A piece of art I always imagined would be featured here is Bruce Nauman’s One Hundred Live and Die. When I saw it featured on the fox is black, I was reminded of the beauty and vibrancy of Nauman’s masterpiece and knew I had to post it. One Hundred Live and Die features multicoloured neon phrases outlining 100 ways one could live or die. Installed on four metal monoliths in a pitch black room, the different colour phrases are lit up individually and then in patterns of connected emotions. The result is a commentary on life and the many ways it can be made incredible, difficult, mundane, beautiful, unfair, funny, strange and so forth. Some phrases make perfect sense, some feel a bit more obscure (what exactly does ‘yellow and live’ mean?) As each phrase lights up, the dark room is bathed in glowing, brilliant and ever-changing colour. Eventually the entire piece is lit and the viewer is overwhelmed by not only the spellbinding colour but by the emotion of 100 ways life can be lived and experienced. What is stunning is that this piece was created in 1984. It certainly could have been made today which only underlines Nauman’s talent in creating timeless contemporary art. To me, the story and feeling behind this work of art and the colours used are awe-inspiring. I would love to see the vibrant colours and light patterns of One Hundred Live and Die in person and experience true neon poetry.
These photos are part of a project called ‘Sound Sculptures’ created by photographer Linden Gledhill. Using tiny drops of paint, a stereo speaker and high-speed macro photography, Linden captures absolutely stunning photos of the paint reacting to music being played. Several of the final photographs anchored Canon’s Pixma Printer ad campaign. While the images have been around for a bit, I find myself returning to stare at them often. The shapes are mesmerizing as the paint dances to music and the colour combinations are dazzling. I hope to see more of this beautiful technique.

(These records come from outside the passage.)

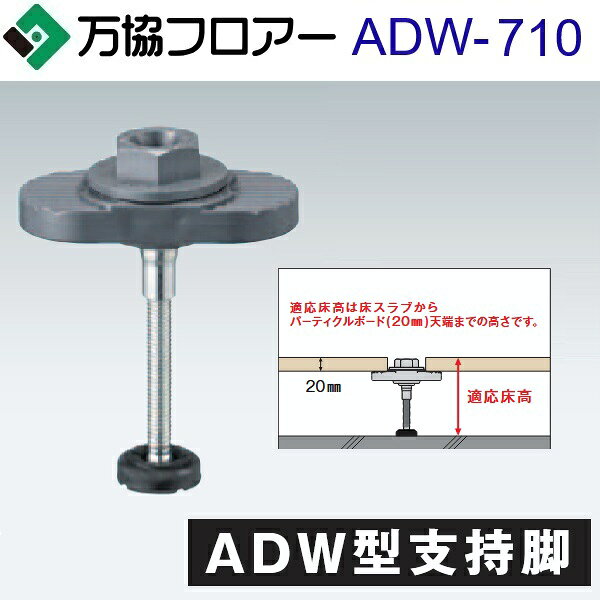 万協フロアー　ADW-710　ケース販売【30本/ケース＋接着剤付】ADW型支持脚【適応床高672〜752mm】【着脱式支持脚 沈み込みの少ないタイプ】　⇒Ω
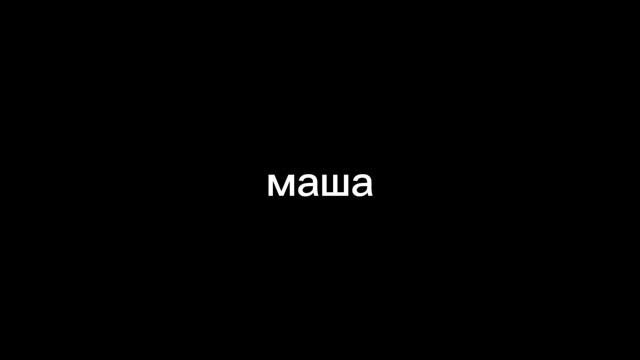 песни про моих др часть 3 финал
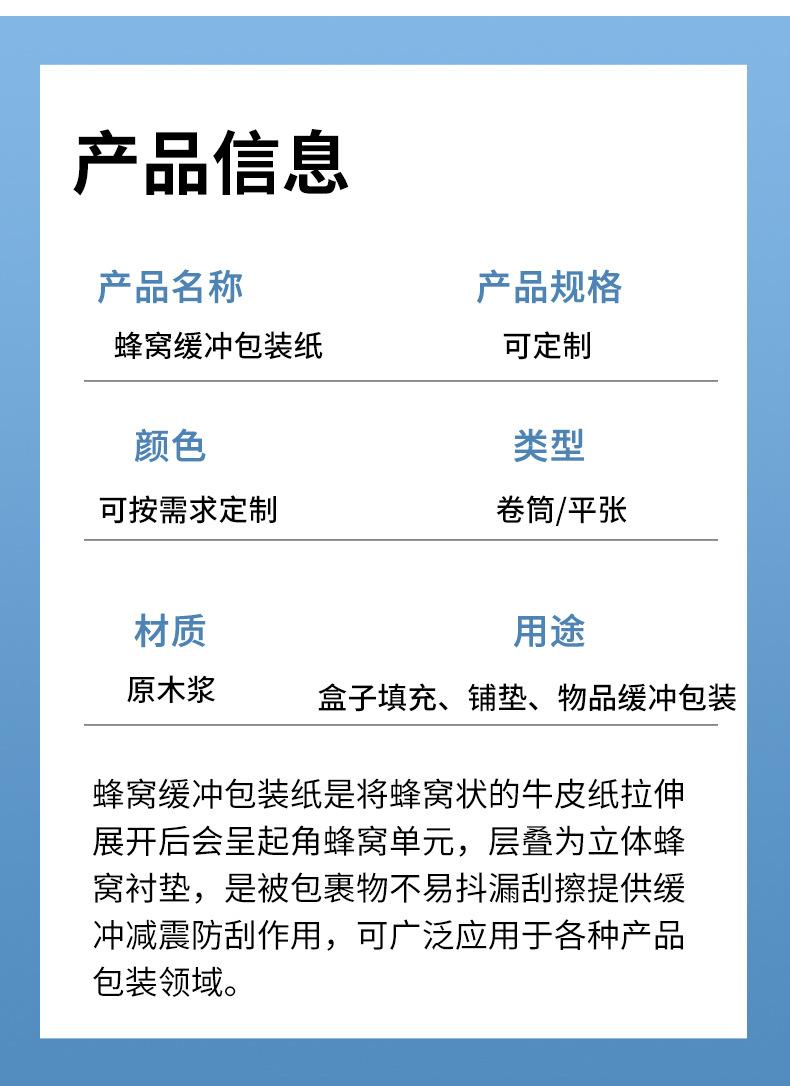 众盛_03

This installation by artist and urban planner Candy Chang is so creative and impossible not to love. Candy turned the side of an abandoned house in her New Orleans neighbourhood into a giant strip of chalkboard where residents could take a piece of coloured chalk and asked themselves, “before I die I want to…” What a positive way to turn a rundown, eyesore of a building into something beautiful and uplifting. The responses range from poignant to sad to silly to hopeful. I love the way the coloured responses look against the distressed black chalkboard paint. The answers are meant to be rubbed off and rewritten by new visitors – allowing the installation to constantly evolve. I just love this and hope it inspires others to find creative and optimistic solutions to the eyesores in their neighbourhoods.
How beautiful is the ‘snowjob’ chair designed by emiliano godoy? Not only is it an amazing piece of modern yet handmade design, it is probably one of the most environmentally friendly pieces of furniture you will ever find. The wood frame is manufactured in FSC certified wood with a vegetable based, biodegradable finish. Fair trade employed artists in impoverished nations weave and fold post-industrial waste from the candy wrapping industry to create the incredible silver cover. Such a stunning chair with a wonderful message of environmental and social consciousness as well as seeing one person’s trash as your next great project.
Love these handsome silkscreen prints by brainstorm print & design. Using bold colour palettes and design, they feature the layers that make-up the ocean, earth and atmosphere. Such a brilliant and bold poster for any science, nature or design lover.
I really love the work of artist Francisca Prieto and her folded, intricate paper installations. Photos of her amazing pieces are prominent among my boxes and folders of inspiration. Francisca uses many types of paper for her art from written versions of Shakespeare to newspapers and maps. I love them all but my absolute favourite is what she creates with envelopes. I have always been fascinated by the ornate security patterns printed inside envelopes. Francisca folded hundreds of interlocking forms with these intriguing blue designs to create her ‘Between Folds – Envelopes’ series. The colour palette, mix of patterns and 3D nature of these envelope origami installations is stunning. I can’t wait to see what Francisca comes up with next!
This photo, ‘Girls in the Windows’, is jaw-dropping. Even more amazing, it is from 1960 so its brilliance is clear of any Photoshop enhancements or trickery! Ormond Gigli dreamed up this photo when he realized a brownstone across from his New York apartment was being demolished. He quickly organized 43 models in formal attire to pose in the windows and ended up with an iconic photo that perfectly captures 1960′s architecture, fashion and colour. What an incredible image.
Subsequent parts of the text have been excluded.